Interconnect Design Details

Earlier the aspects of how to achieve proper dielectric efficiency was shown for the RCA and XLR interconnect.

Our Generation One XLR and RCA cables use a small 25 AWG wire and have a low 12.5 pF/foot capacitance. The small center wire improves the Vp differential, while the air (hollow air core) dielectric allows tighter spacing at a given capacitance, which yields a lower inductance of 0.15 uH/foot, facilitated through a small loop area.

  Our Generation Two XLR and RCA cables use a four wire 30 AWG “conductor” to increase the separate wire path DCR to lower Vp differential even more. The capacitance DOES go up however, to 17.5 pF/foot. The smaller 30 AWG wire with higher a DCR combined with increased capacitance lowers the Vp differentials even further. The changes, capacitance increase and smaller wire (higher DCR) leverage the Vp differential over “bandwidth” from lower capacitance. Listening tests show this to be a better-sounding cable.

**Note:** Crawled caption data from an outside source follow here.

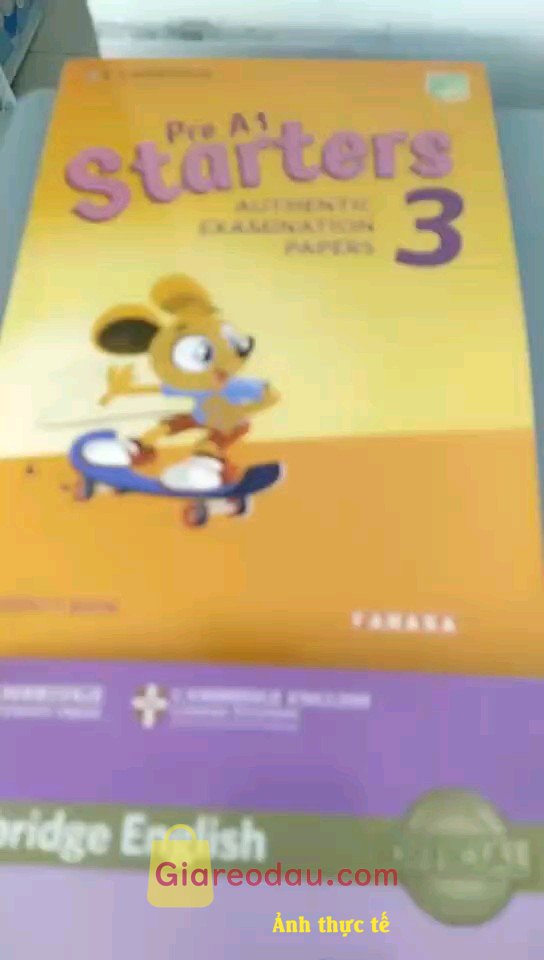 Giảm giá Sách Cambridge English Starters 3 (For revised exam from 2018). Vào shop ngansophia mua sữa nha. Hàng chuẩn auth. Giá phải chăng. Thời. 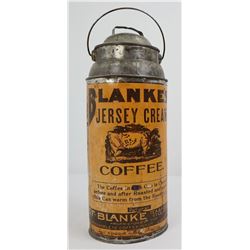 Blanke's Jersey Cream Coffee Tin Can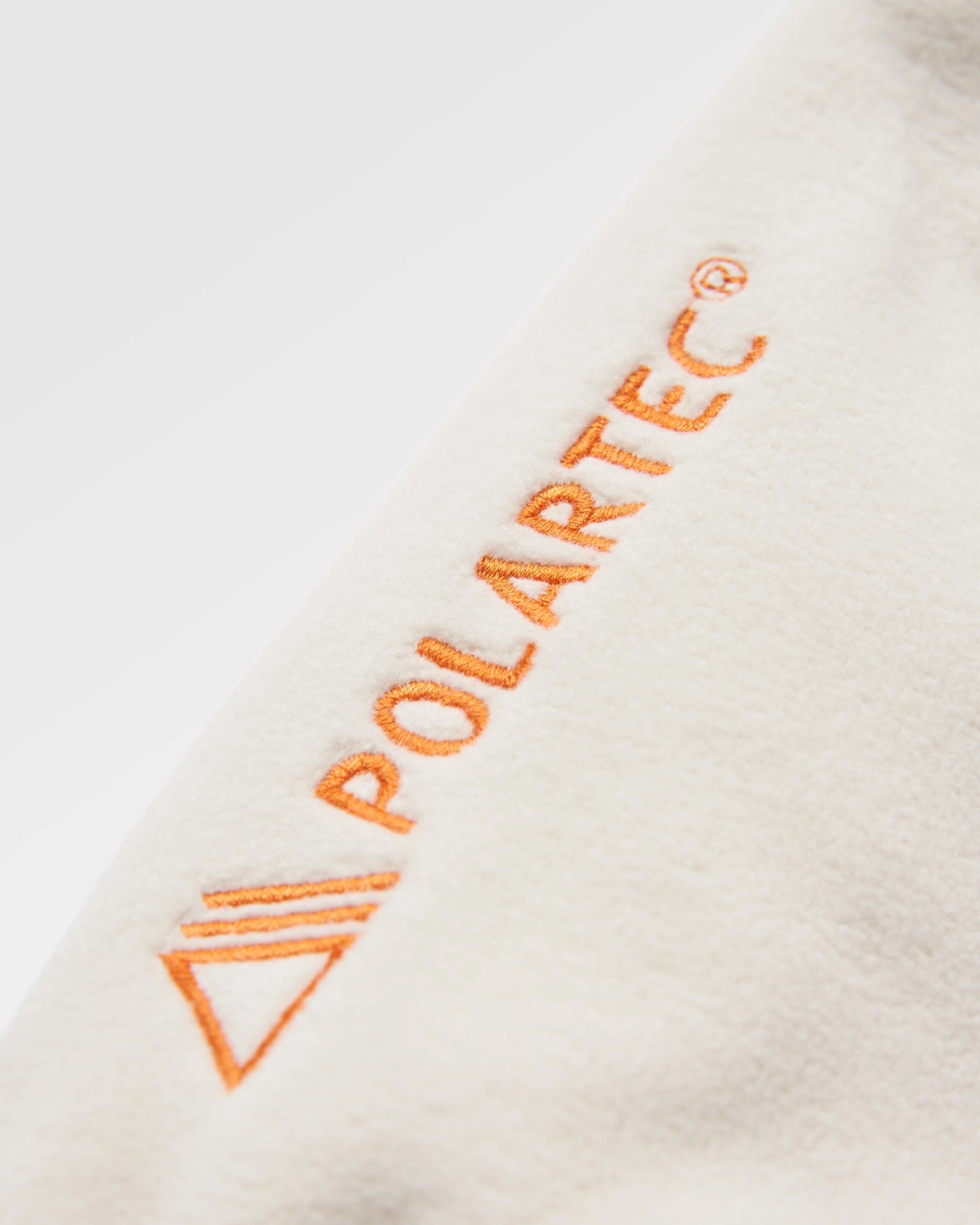 Ayla Recycled Micro Polartec® Fleece - Vintage White - Flatlay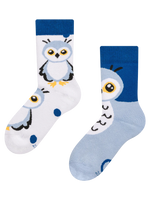 Lustige warme Socken für Kinder Schneeeule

SERIES ONE (LEFT), SERIES TWO (RIGHT)

A Series II dual-star-quad design (see right diagram) lowers inductance to 0.11uH/foot to keep phase through the audio band lower than the Generation One design. These design attributes allow a technically better analog cable to be made than our Series One (left diagram).

Our RCA and XLR interconnects have the same loop DCR in each design. How is this done? The RCAs loop DCR is essentially the center signal wire, as the braid has almost zero DCR. This is why the center wire DCR is so, so important: it’s the “R” in the Vp differential equation.

The star-quad 4×1 XLR interconnect (above left) features a full loop that uses two wires in parallel. This results in a DCR that is the same as one wire’s measured value. We cut the DCR in half in each direction, so a full loop is now the same as one wire’s.

The 4×4 XLR (above right) uses four separate wires per leg, of higher DCR value, which lowers the Vp differential. Since we use four wires in parallel, the loop DCR is lower than the 4×1 XLR even though we increased the apparent signal wire DCR with four insulated current paths. The XLR wire size is critical to performance in the audio band. The loop DCR is equivalent to using four 30 AWG conductors in parallel.

Summary:

The ideal cable is always a balance of competing electrical properties. The electrical property of resistance isn’t as benign as we would like to think, and resistance has to be factored into a well-performing cable configuration. This can result in some complex but effective designs.

Inductance and capacitance are problematic, as they have a push-pull relationship. One goes up when the other goes down. We need to configure designs that are low in L and C from the start. In my studies, allowing capacitance to rise somewhat is necessary to enable the desired result of flattening the velocity propagation curve, but can’t allow capacitance to reach unacceptable values that would affect an amplifier.

All the mentioned variables are real. The net results of the effects of R, L and C in a cable are important. The ideal cable can’t really be made, though, because cables are a reactive component that interact with the other components in an audio system.

If we consider the tertiary, or unmeasurable aspects of a cable, such as wire metallurgy material contributions and polarization speeds of dielectrics and the like, they have to rest on a solid foundation of the primary and secondary effects that we can control. ICONOCLAST is made considering both mathematical calculations and real-world measurements, in order to make the best-possible cables that current-manufacturing processes can meet.

That cables sound different isn’t a mystery to me. If the variables that relate to time-based effects are improved, the sound of the cable can be improved. As we like to say, sound designs create sound performances.